Online Chinese Language Games

Online Chinese Language Games

Online Chinese Language Games

Global education is rapidly growing as the world seeks quality and a range of educational and skill acquisitions. With that in mind, education providers are seizing opportunities to learn and interact with their students, and companies are taking the initiative to improve and enhance their students’ learning experience by expanding their scope of Chinese language courses.

While Chinese language courses are typically offered online, some schools have taken a more interactive approach to teaching Chinese with games. In this article, we examine a series of online games developed by US universities to boost student retention.

Frequent Online Games Focus On College-Level Chinese

Game developers are focusing on games that aim to increase students’ retention as they use interactive teaching methods such as combining sounds, collectations, and graphs to provide students with a deeper understanding of Chinese language, culture, and education. For example, MIT has developed a series of games designed to help students with their Mandarin vocabulary and understand the meaning of words. These games use a combination of different rules and actions to help students improve their comprehension. For example, “Chinese” is divided into short-term and long-term terms and the researchers prefer having their students play games based on short-term English words (“Chinese”) and long-term Chinese words (“Chinese”). As they improve their ability to phrase English words and vocabulary, students will develop a greater comprehension of Mandarin and more basic Chinese verbs and verbs, as well as of foreign grammar.

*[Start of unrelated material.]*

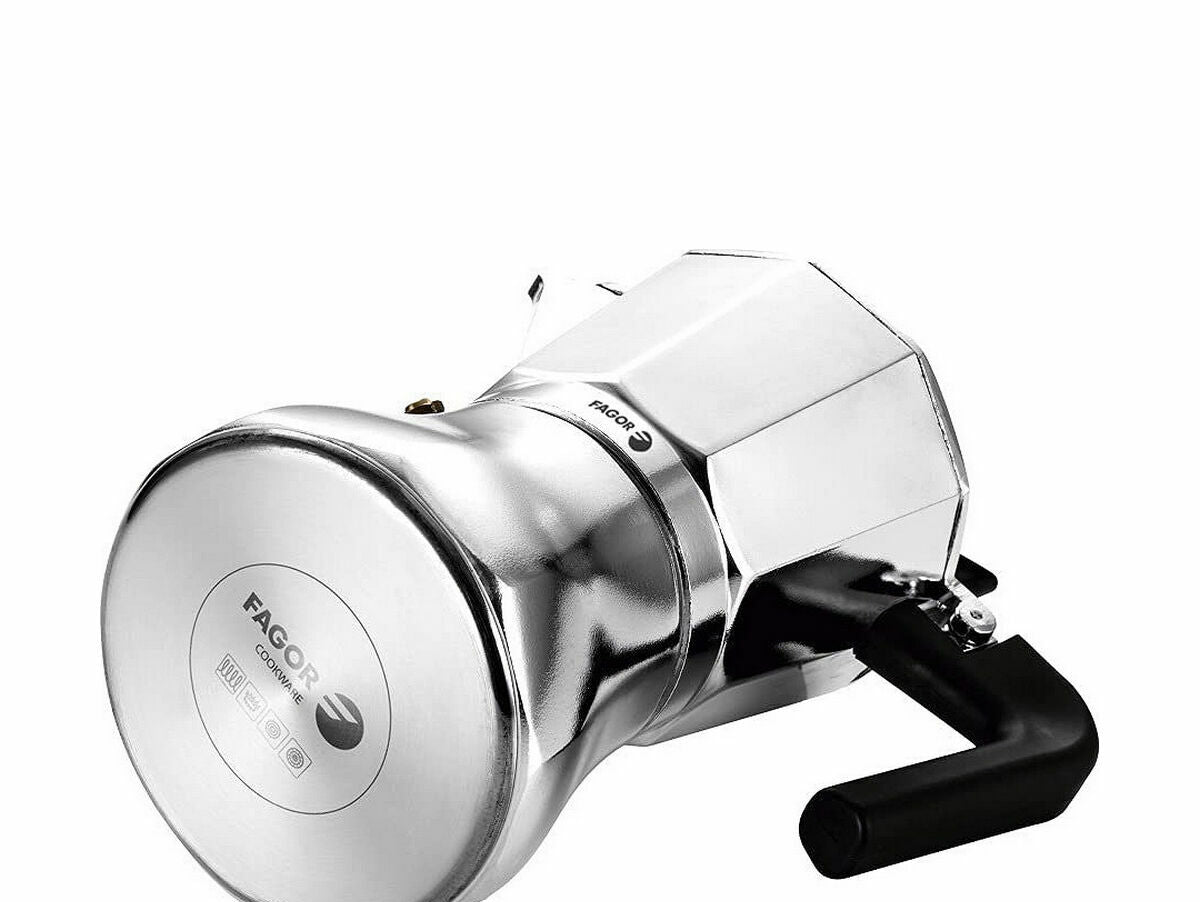 V4H67B081C7286A3EA3AD1912B688DA325CR6751132P5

Georgetown University recently released a series of online games called “Alphagram,” where students learn and use everyday Chinese words (“Angry Bird” comes up more than any other Chinese word), finding that students spent as much as two times more time in the game than they did previously, helping to complete lessons more quickly. The term games developed by K-12 students develop a deeper understanding of more conceptual pieces of Chinese language, such as idioms, phrase-form and word pairings, and are more intense than Alphagram (Georgetown has been actively developing its games on an ongoing basis for the past two years).

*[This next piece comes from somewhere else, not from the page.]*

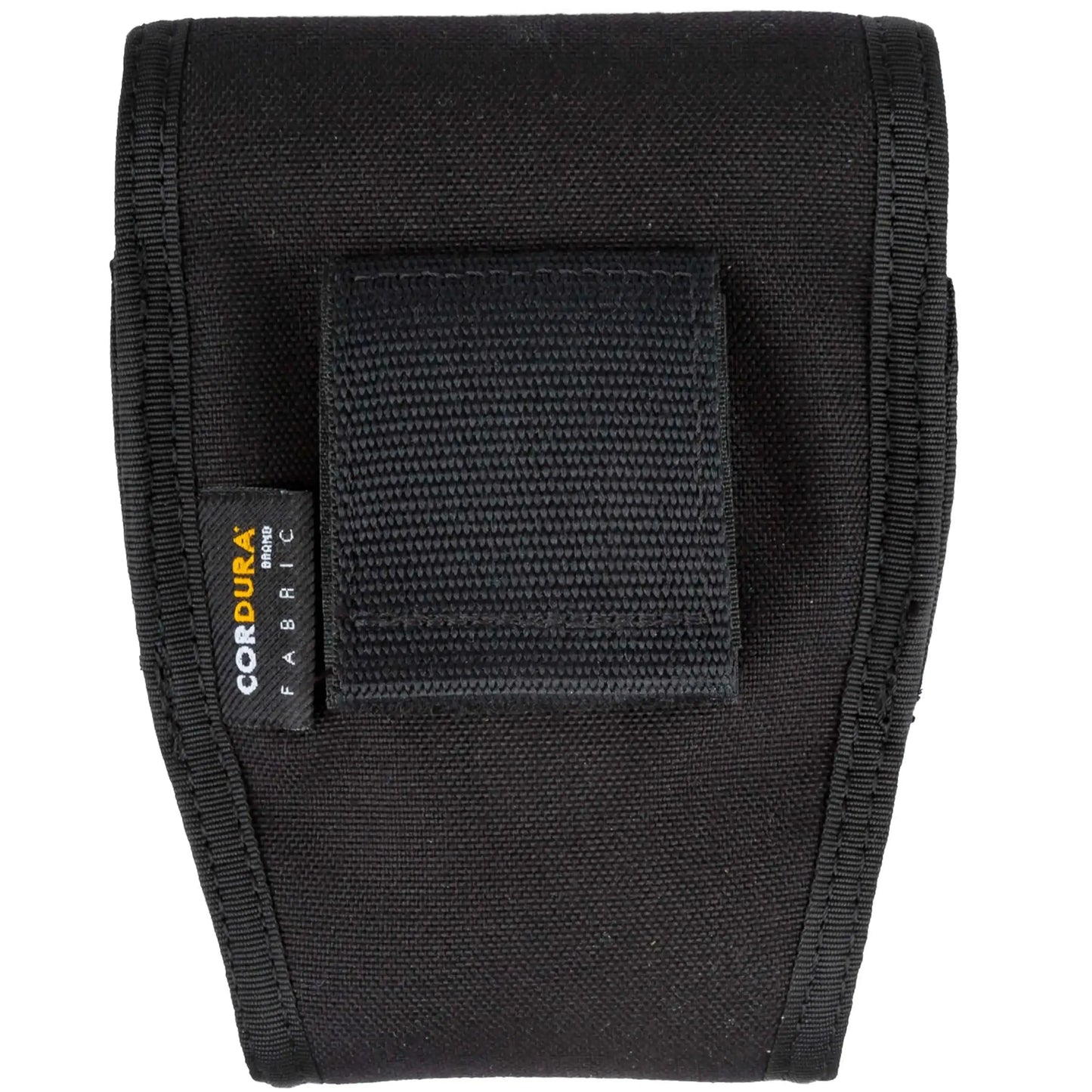 tasmanian-tiger-handschellentasche-cuff-case-mk-ii-schwarz-ansicht-2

Winners from the 2014 World Bank assessment of ICT-enabled learners (classrooms and homeschools) created games that aim to teach college-level Chinese, according to the report, “Financial Literacy Assessment of ICT Enabled Learners”, which uses three approaches for assessing the educational and economic contribution of ICT (information and communications technology) tools (applications, support, and devices) on access to information, skills, and institutions.

To develop these games, K-12 students have first been given a homework assignment, then let loose on a parallel task on their own time while using ICT devices, then experimented on their own (separate from teachers), then got feedback and continued to use the devices in the classroom and home. It is from the latter steps that the majority of the students were able to correctly answer the questions on the standardized assessments in the final round.

Classroom Video and Physical Education Games Also Used

Other companies also have investigated games for raising student’s knowledge and retention levels. The Massachusetts Institute of Technology Research Foundation provides free video games and training to teachers who want to use MIT’s exercises. Teachers can use the free games to enhance their courses while avoiding the problems of dropouts. For example, teachers are using games to improve students’ ability to learn in different settings, and the students can work in the evenings during their lunch breaks and when they have free time. These video games are also used in classrooms and in housecleaning exercises.

Babies in a baby learning center might be tested on French or German words they understand. Or a student in a course that teaches mathematics might be challenged to solve a series of equations. If the student is able to identify the solution, they can progress to the next logical step, even if they have failed with the first step. Similarly, a student might be asked to identify images on a screen with words printed on them that corresponds to the music on the speakers (this is the first step towards learning to identify and recognize musical language).

Some of the most used games are those that break down the word or image into sentence structure and then gives the student the sequence of words required to complete that sentence. The game helps players identify phrases by matching the letters to the words, which require them to recognize the correct sounds and sequence of the syllables. For example, a student might be asked to identify a word and see if it is a word with a relation to a picture that he has seen elsewhere, such as a horse and a toy horse, with the horse correctly identified as the picture.